> [The task] Each record that follows goes into your reply unchanged; the pictures do not.

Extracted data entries
/---

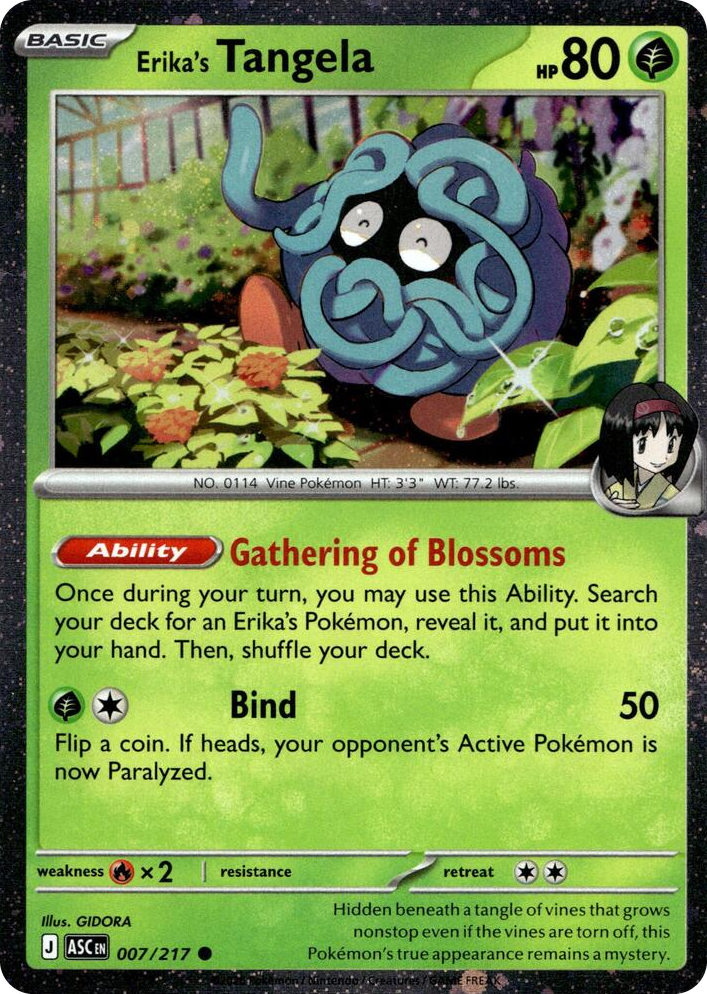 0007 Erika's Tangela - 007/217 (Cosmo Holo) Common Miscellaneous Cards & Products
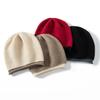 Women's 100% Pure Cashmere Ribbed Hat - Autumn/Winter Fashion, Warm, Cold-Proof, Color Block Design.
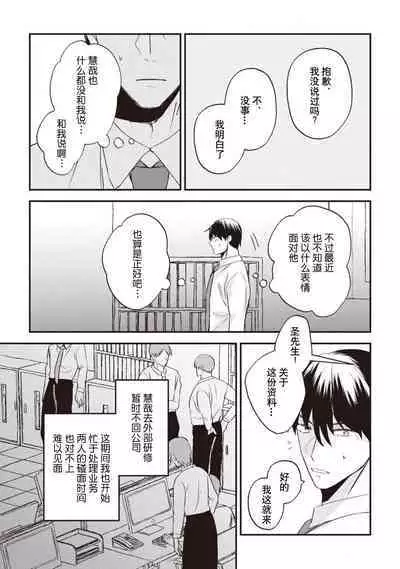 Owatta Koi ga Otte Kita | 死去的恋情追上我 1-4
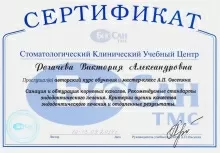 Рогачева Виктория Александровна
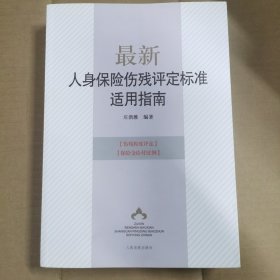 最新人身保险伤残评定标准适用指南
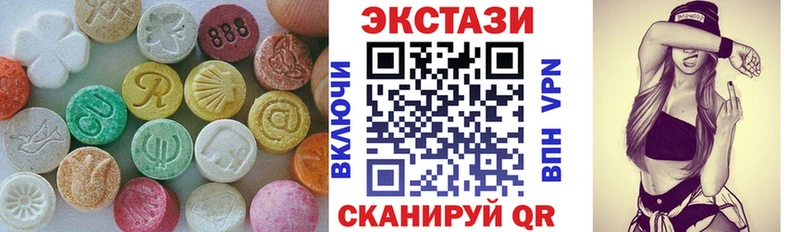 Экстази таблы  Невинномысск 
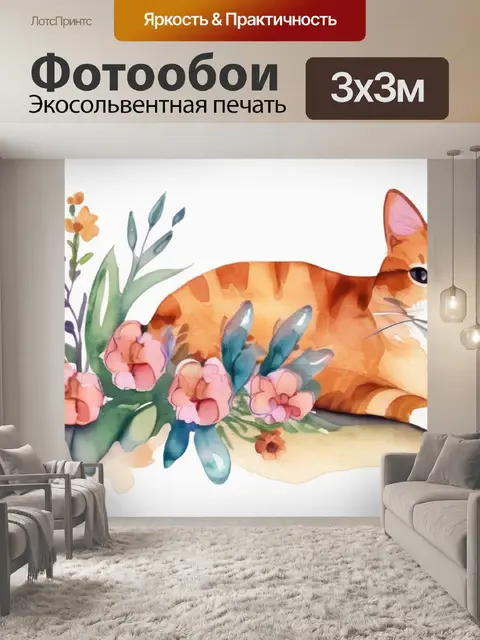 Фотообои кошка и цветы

\---

> [Response box]
 0007 Erika's Tangela - 007/217 (Cosmo Holo) Common Miscellaneous Cards & Products
 Women's 100% Pure Cashmere Ribbed Hat - Autumn/Winter Fashion, Warm, Cold-Proof, Color Block Design.
 Owatta Koi ga Otte Kita | 死去的恋情追上我 1-4
 Рогачева Виктория Александровна
 最新人身保险伤残评定标准适用指南
 Экстази таблы  Невинномысск 
 Фотообои кошка и цветы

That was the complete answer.